Given material:
______________________________

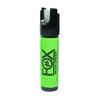 Fox Labs International Mean Green Defense Spray 15 gram 6% H20C - Can Only Splatter Stream 15MGC - Tactical &amp; Duty Gear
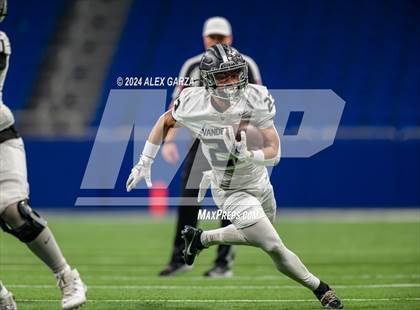 Thumbnail 3 in Steele vs. Vandegrift (UIL 6A Regional Playoff) photogallery.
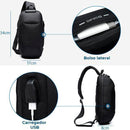 Infinite Anti-Theft Backpack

______________________________

Your assignment: Produce a word-for-word version of the material, with no pictures included.

Response area:
 Fox Labs International Mean Green Defense Spray 15 gram 6% H20C - Can Only Splatter Stream 15MGC - Tactical &amp; Duty Gear
 Thumbnail 3 in Steele vs. Vandegrift (UIL 6A Regional Playoff) photogallery.
 Infinite Anti-Theft Backpack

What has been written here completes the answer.